Fab’s attendance at the screening will add to the documentary and allow him to answer questions like why students today should continue to care about issues from the past, Jacobs said.

“It’s my experience that it’s easy to be beaten down by Holocaust movies and education because it’s so depressing and tragic,” Jacobs said. “But we are in charge of this legacy. We need to make sure people don’t forget. [We’re a] generation that has to remember and teach the future generations who won’t be able to listen to survivors. I think ‘Paper Clips’ illustrates this well.”

Though the film is also about the Holocaust during World War II, the primary story in Fab’s documentary is about the children in Tennessee who wanted to go an extra step to learn.

“The children found they couldn’t say the number and move on,” Fab said. “It was too staggering. When people see the film, they’ll have known it had to do with the collecting [of the paper clips], but they’ll find it’s about a lot more. The project was the trigger. But what the children learn when they hear stories from Holocaust survivors, when they decide to react compassionately to what they learn, they decide to do something.”

Fab also believes that this documentary reveals the power these middle-school children held, and this is a key point people can take from the film today.

“Young people are treated as if they will be ready to participate in life someday,” Fab said. “They’re always in a state of getting ready. I learned while working on this film and being around the kids that they were curious, compassionate and very capable. They did something to say they understood this, and they wouldn’t tolerate this sort of thing in a world they’re creating. Imagine if you could bring scores of young people into the mix and if they could contribute at the age the kids do in this film. We could get a lot more done if we engaged them.”

Fab hopes that the film documentary he has created will leave a lasting impression on the audience.

Though a news article inspired him, the film medium allows viewers to become more deeply involved with the tragedy, he said.

“Reading is wonderful, but you add to this the idea about why I am pleased to be coming,” he said. “People experience it and go through the emotions of the film and feel the emotions of people in the room, and when it’s over we add the idea that we’re going to talk. I think people come away with different reactions.”

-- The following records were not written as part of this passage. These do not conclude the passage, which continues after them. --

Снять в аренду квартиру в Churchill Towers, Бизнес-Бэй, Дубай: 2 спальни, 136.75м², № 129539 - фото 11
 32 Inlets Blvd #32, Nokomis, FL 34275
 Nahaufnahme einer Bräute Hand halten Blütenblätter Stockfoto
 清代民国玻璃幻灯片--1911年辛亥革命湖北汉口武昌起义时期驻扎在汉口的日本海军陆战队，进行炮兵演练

Fab also believes that this film will challenge college students, considering that middle-school students began the project with almost no funding.

Fab encourages college students to make time to come to see the documentary.

“It’s easy to have something else to do, but I’ve seen people get something from watching this film,” he said. “You never know what will happen, who will have an idea that will grow into something. I like to point out that when the children were learning about the Holocaust, a student said, ‘Wait.’ That student started something big.”